They rightly conclude that altering the existing Upcountry runs to serve the Rancheria via a five mile round trip to and from Highway 88 would increase travel times sufficiently to discourage existing riders and discard that option (TP74). So their preferred solution is a route between the county core and the Rancheria in Fiscal Year 2015-16 (TP97) which only operates 3 days per week to cut costs (TP90) but includes expensive dead head hours (TP73). This would require Upcountry riders to travel to the country core and then transfer to the separate service, repeating this process to return home. The separate service proposal “solves” the problem of access to the Rancheria. It’s probably the best solution given the present and proposed minimal service/ridership because the school bus riders are not considered. While it serves a need in isolation, it does not build a transit system. Productivity is limited to a one way fully seated load and revenue is limited by their single fares.

If the additional runs replacing the school buses are implemented the Rancheria could be served via the Route 2, Upcountry service. Seat turnover is achieved and unnecessary transferring is eliminated. The route should not be a time consuming off route and return to Highway 88 trip but rather continue via New York Ranch Road and Ridge Road to the county core.
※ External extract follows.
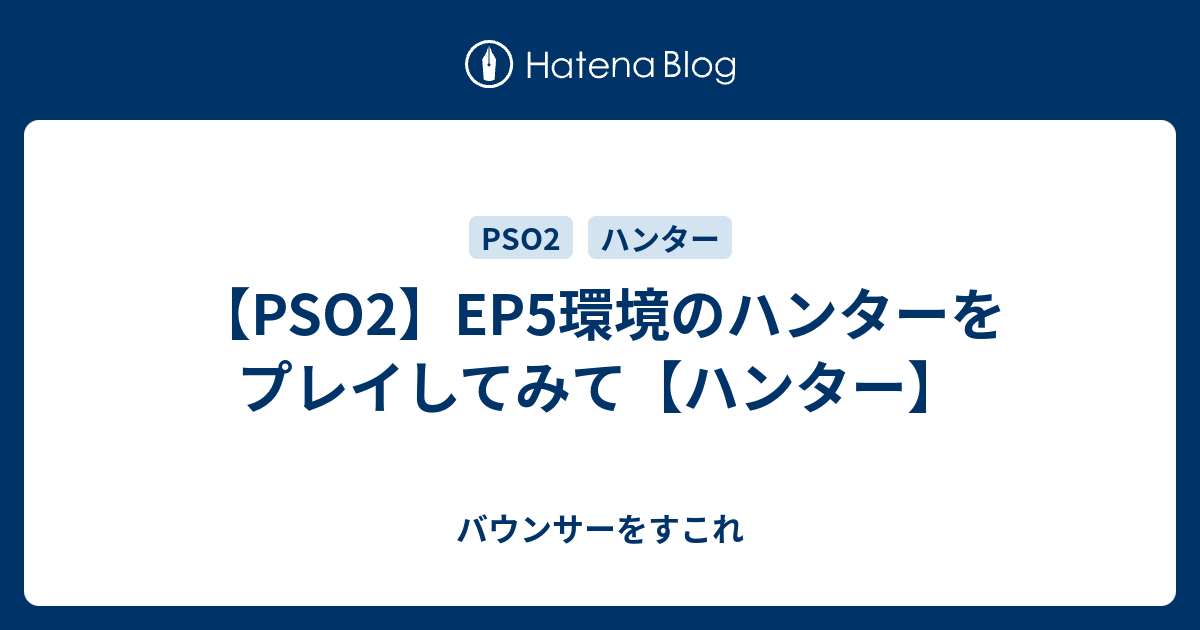 Pso2 Ep5環境のハンターをプレイしてみて ハンター バウンサーをすこれ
This may even take student riders closer to the surviving high school, if that situation occurs, than the current routing. However, which Route 2 runs take which routings need be a judicious selection process with the present commuter runs probably left unchanged.
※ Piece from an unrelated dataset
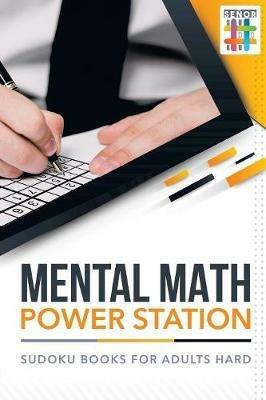 Mental Math Power Station Sudoku Books for Adults Hard - Senor Sudoku - cover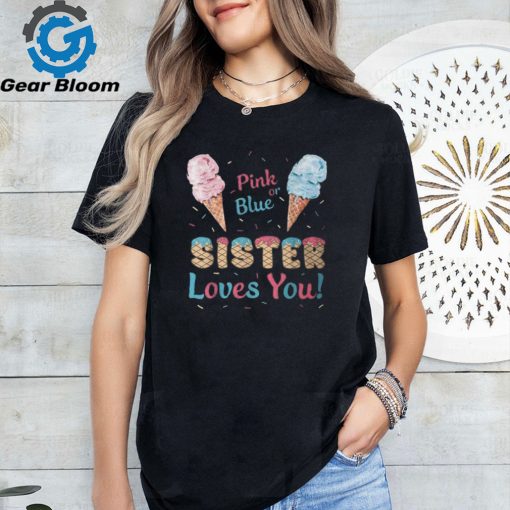 Pink Or Blue Sister Loves You Ice Cream Gender Reveal Party T Shirt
Another solution presented for Upcountry Service was the Hopper (TP44) with a variant that went to Volcano (HS39). This concept of short lining, not traveling the full route, is useful Upcountry . Not all runs, especially with expanded runs, need go to Amador Station or even Buckhorn. This could be a factor in making that expansion more affordable. Volcano, of course, could be served on selected runs of an expanded Upcountry service. One plan discussion of the Hopper (TP44) implies an Upcountry circular ending in Pine Grove. While no terminal is suggested, the perfect location would be the new Dollar General store. But given all the other options discussed and the overall constraints, this idea is dismissed from the Implementation Plan (TP97).

I propose that passengers can shuttle between their homes and the bus stops in a shared taxi mode with few distance restrictions that starts with an expansion of the new volunteer driver program (TP44, HS31). System wide 13% of existing riders are dropped off (TP45).There may be security concerns here, but I assume that they are solvable. Riders getting off a bus at the scheduled times could simply meet a waiting vehicle. Those in their homes could request a pickup via the Amador Transit dispatcher or via a mobile device using a variant of the Uber technology now disrupting the established taxi industry. Eventually this could even evolve into a private sector service like the post World War 1 jitneys or the longer lasting “peso cabs” in some North American cities. This would solve the problem of those having mobility concerns or just living too far away (HS37). This does not include students that I assume would walk to their bus stop.

The two plans make thoughtful trade off decisions and meet specific needs with isolated solutions, dependent almost solely on increased grants, but they do not build a transit system that can be significantly more self sustaining.


Sacramento Service

Amador Transit operates an am and pm round trip to Sacramento. Like the Upcountry's Route 2 it is scheduled for commuter times and has a loyal ridership. And like the Upcountry service it is a skeletal service that leaves many needs unserved and lacks enough trips to attract more riders. However, it is the only service that takes people outside the county and provides a vital link to Amtrak and, via a transfer to Yolo Bus, the Sacramento Airport. This route also provides service to Rancho Murrieta and is subsidized by SACDOT (Sacramento County Department of Transportation) at about $70,000 per year (TP27).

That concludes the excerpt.